Walking through Kaoshiung seemed to confirm that there are a
lot fewer foreigners living there. I noticed a distinct increase in the number
of people who wanted to say "hello" to me. There also seemed to be a lot more
English-language schools in Kaoshiung.
There was a lot of garbage in Kaoshiung. Although there were
some public garbage cans around, they were piled over with garbage. It looked
snow drifts of garbage around them. I finally resorted to precariously stacking
my paper cup on top of a 5 foot tall pile of garbage, which, upon closer
inspection, had completely buried a trashcan underneath. I tried my best to
place my cup artistically on the top as perhaps a site of interest for some
future traveler.
A word on garbage collection in Taiwan: Garbage is collected
daily in the cities, but instead of having city dumpsters or cans, garbage is
collected at strategic points throughout each block. There is a one-hour window
each evening where you can bring your garbage out and leave it on that spot, or
hand it directly to your friendly-neighborhood garbage man. The truck moves
from location to location playing melodious classical music. Taipei uses a
little ditty by Beethoven. I couldn't name the tune used in Kaoshiung, but it
was equally famous.
It was quite a shock, the first few times I heard it echoing
through the city canyon. I thought perhaps that it was an ice cream truck. I
was in for a rude shock when I finally saw where the music was coming from.
Kaoshiung also looks to be a city with less concern about
copyright infringement products. Taipei is filled with such knock-off products
but they're usually on the back-streets. Kaoshiung has them in the open all
over the place. Since my arrival in Taiwan I'd been bombarded with this
season's apparent name-brand rage: "Naturally JO JO".
All over Kaoshiung I encountered girls wearing "Natuapally
JC JC" shirts. The first one I saw made me burst out laughing on the
street.
Later, at lunch, I terrified a 6-year old child when I stood
up at a restaurant. He almost dropped his plate of food as he looked up at me
towering over him. In Taipei, they're a lot more laid back about my height.
I finished Palin's book.
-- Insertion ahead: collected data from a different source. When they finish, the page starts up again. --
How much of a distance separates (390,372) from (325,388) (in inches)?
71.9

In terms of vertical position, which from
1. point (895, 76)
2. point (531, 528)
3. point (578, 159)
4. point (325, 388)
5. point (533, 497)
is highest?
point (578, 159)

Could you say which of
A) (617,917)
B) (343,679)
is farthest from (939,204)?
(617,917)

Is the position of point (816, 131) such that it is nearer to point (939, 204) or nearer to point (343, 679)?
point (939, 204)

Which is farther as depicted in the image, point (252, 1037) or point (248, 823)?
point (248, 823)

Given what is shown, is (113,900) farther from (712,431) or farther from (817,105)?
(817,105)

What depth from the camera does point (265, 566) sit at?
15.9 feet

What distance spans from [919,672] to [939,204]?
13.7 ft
While I have no particular interest
in Hemingway, I found myself thinking phrases to myself like, "This drink isn't
big enough to slake a real man's thirst." Of course, when you're given only a
Dixie cup for your soft drink you'd be more than justified in using a phrase
like that.
Monday, Kenting
(4/10/2000)
I once had the "pleasure" of sleeping on a bed that was only
6' long. I got up in the middle of the night and slept on the sofa rather than
let my feet dangle in the wind.
I had no such escape Sunday night. Not only was the bed 3
inches too short, but also it was quite literally as hard as a board. Studying
it, it appeared to be nothing more than a box spring without a mattress, but it
was an industrial strength box spring. I awoke with my neck and back
locked.
My vertebrae were broken free by the rough 2.5 hour bus trip
to Kenting, which is located at the southern tip of Taiwan.
The bus had "in-flight" movies and we watched Tomorrow
Never Dies. It's the second Pierce Brosnan 007 film and the second one I've
seen on this trip. I can only hope the flight back to the states doesn't show
Goldeneye -- Brosnan's other 007 film and the worst one ever made.
2 hours and 15 minutes into the trip and only 15 minutes
away from our destination, the guy behind me decided he could not go any
farther without a cigarette.
"No Smoking" signs are universally ignored in Taiwan.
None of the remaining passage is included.